-------- Exercise material

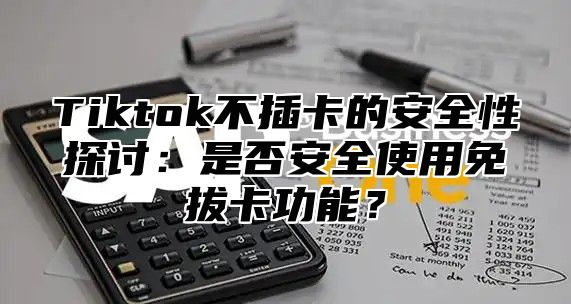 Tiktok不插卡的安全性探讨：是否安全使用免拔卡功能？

----------------
-------- Exercise material

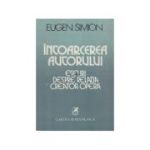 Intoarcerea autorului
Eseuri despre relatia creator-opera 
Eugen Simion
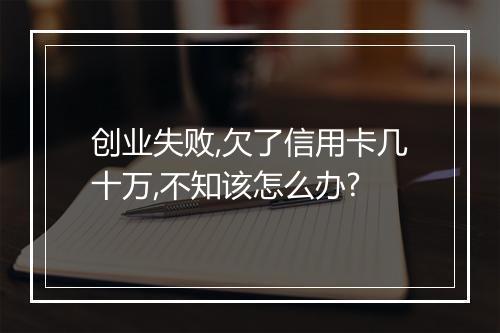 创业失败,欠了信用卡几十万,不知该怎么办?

----------------

Task statement = Where a picture appears in the records above, omit it, and transcribe exactly the stretch of lines from the one with "Intoarcerea autorului" through the one with "创业失败,欠了信用卡几十万,不知该怎么办?".

Output of the exercise =
 Intoarcerea autorului
Eseuri despre relatia creator-opera 
Eugen Simion
 创业失败,欠了信用卡几十万,不知该怎么办?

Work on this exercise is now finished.